GM has recently shown a newfound interest in selling its EVs, running a major ad campaign for the Chevy Bolt EV in mainstream newspapers and magazines for the first time. Now the company has announced that it plans to launch 20 new battery-electric and fuel cell vehicles by 2023, including two in the next 18 months.
The new vehicles will be built “from the ground up” as EVs, said Pam Fletcher, Executive Chief Engineer of Autonomous & Electrified Vehicles. “This is just a taste of what’s to come over the next months and years. The story is more than just what you can see; it’s also about what’s under the skin.”

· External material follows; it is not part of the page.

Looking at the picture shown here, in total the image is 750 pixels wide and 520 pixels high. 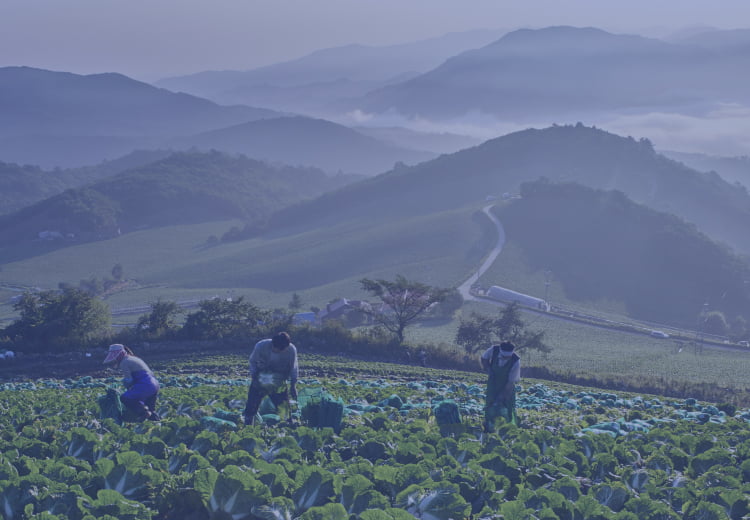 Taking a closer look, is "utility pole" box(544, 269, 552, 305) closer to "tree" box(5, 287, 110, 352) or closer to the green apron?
"tree" box(5, 287, 110, 352)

The first two new vehicles will be based on the current Bolt EV architecture, while future ones will feature an “all-new battery system” that GM recently previewed at its Technical Center in Warren, Michigan. Reporters were shown clay models of a Buick crossover, a Cadillac wagon and what appears to be a new version of the Bolt. These were designed for the next-generation EV architecture, which includes two different heights of battery cells.
“These three vehicles demonstrate why that height difference is important,” said Mark Reuss, Executive VP of Product Development, Purchasing and Supply Chain. “You can do different H-points, you can do different roof lines and you can do different range capabilities and different performance.”
Another six vehicles were kept under sheets. One had a silhouette that suggested a Corvette, while the others appeared to be crossovers or SUVs, bearing out a statement by Fletcher that new EVs would be introduced in the top-selling SUV segment.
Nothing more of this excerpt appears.